I am not, have not, nor will I ever be, a polished politician. I am not perfect or flawless, and, I admit that I have made mistakes in past campaigns. I can only hope that you judge me based on what I have done, as a Judge, and not as a political candidate. In 2012, I promised the voters that I would be fair, courteous, and respectful to all parties involved, and I have done so. I promised to treat every person who appeared before me how I would want to be treated, and I have done that, in every case, every day. I promised to listen carefully and apply the law, and I promised to show a measure of humility and refrain from personal whims in decisions, and my record clearly demonstrated that I have done exactly that.



The JQC stated:
Judge Krause has been cooperative, responsive, and forthright with the panel, and has admitted the 
foregoing.  She accepts full responsibility, and acknowledges that such conduct should not have occurred.  Judge Krause has maintained that the campaign violations were inadvertent and were corrected when discovered.  Judge Krause has explained that the contributions she received from her spouse, she believed to be accurately described as in her campaign disclosure forms, but now recognizes that this understanding was improper because the accounts were solely owned and controlled by her husband, even though they considered them to be part of the marital estate.” “The Judicial Qualifications Commission has concluded that while the judge’s conduct was improper, it resulted from inadvertence or from mistake.”

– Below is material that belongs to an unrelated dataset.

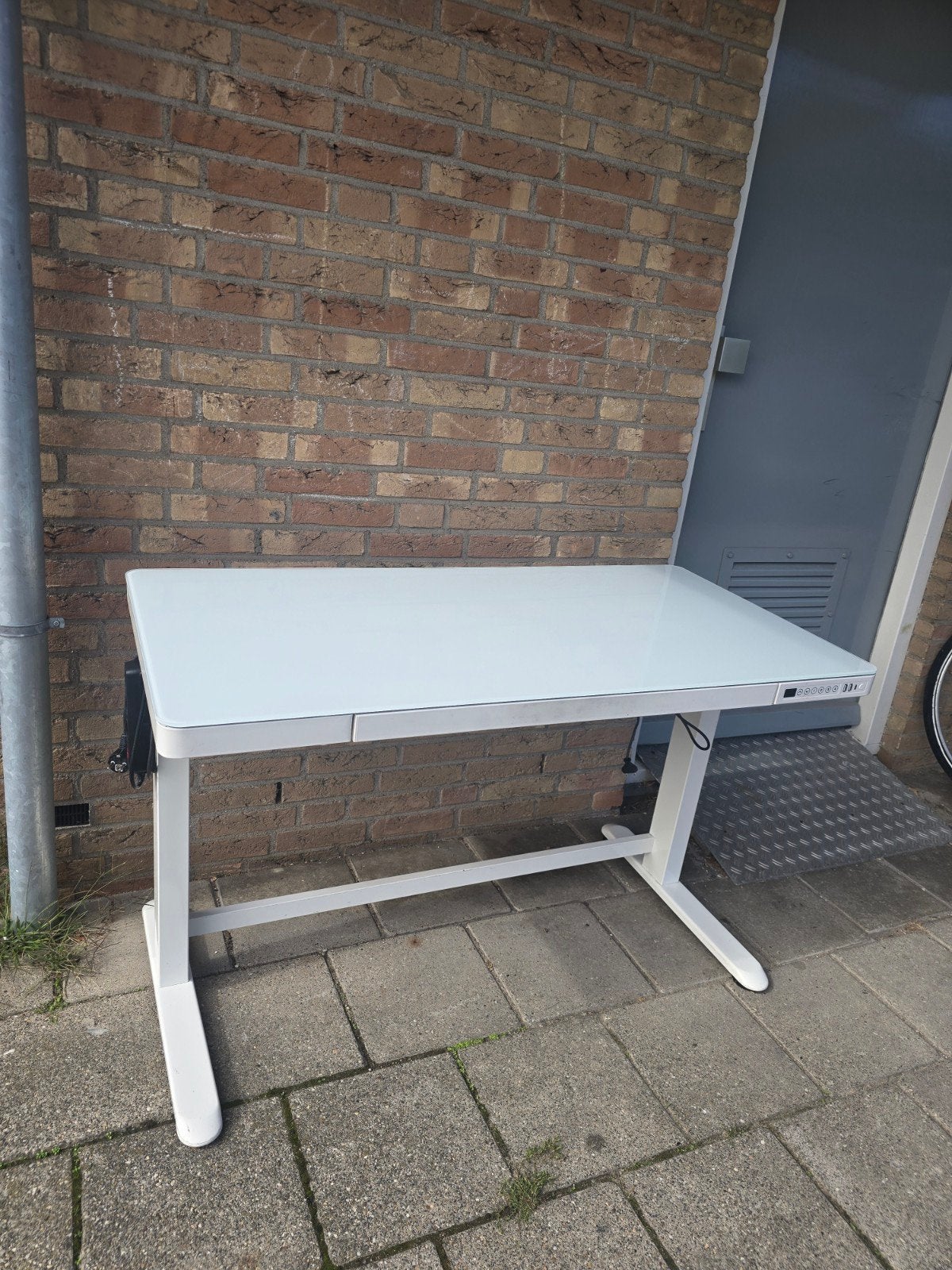 Elektrisch verstelbaar bureau 120x60, Huis en Inrichting, Ophalen, Zit-sta bureau, Elektrisch, Zo goed als nieuw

In the June 4, 2015 Order  (Case No. SC14-1812)

“5. The JQC, in finding probable cause and recommending a public reprimand, advised this Court that the primary considerations in coming to its recommendation were the commission’s determination that this was a limited transgression, albeit magnified by the pending reprimand, and Judge Krause’s full cooperation and acceptance of responsibility.


6. The violation of the [j]udicial [c]anons in this matter arises from Judge Krause’s single incident of participating in her husband’s judicial campaign. Judge Krause admits that, while her husband was a judicial candidate, she one time used social media to seek the assistance of her friends to help her husband correct perceived misstatements of his judicial opponent.

7. Judge Krause accepted full responsibility for the conduct, admitted that it should not have occurred, and apologized. She explained that her social media posting followed multiple private but ignored attempts to correct what she and her husband perceived as misstatements about her previous JQC matter. Judge Krause told the Panel that those attempts included seeking counsel from her Chief Judge, twice sending the same letter to the candidate asking her to refrain from misrepresenting the record (and never receiving acknowledgement or a response,) and enlisting the help of an emissary to speak with her husband’s opponent. All of these attempts proved fruitless.

8. Judge Krause further explained that she intended her posting, which was a frustrated last effort to correct the record, to be a private message to her friends. Even still, she removed the message within hours of its posting after realizing it could have a reach beyond her circle of friends. Only through the actions of those supporting her husband’s opponent was the posting further disseminated.”


9. The Judicial Qualifications Commission concluded that the judge’s conduct was improper but was followed quickly with remedial action, long before any notice from the JQC, and the JQC filed a Stipulation in which the JQC and Judge Krause agreed that she should receive a public reprimand for her conduct in case SC14-1812.


10. On February 25, 2015, the Court rejected that Stipulation and ordered that the public reprimand, and $25,000 fine that the Court previously approved in Judge Krause’s prior case, SC13-2263, shall remain in place, and suggested that a 30-day suspension without pay would be the appropriate resolution to case SC14- 1812.”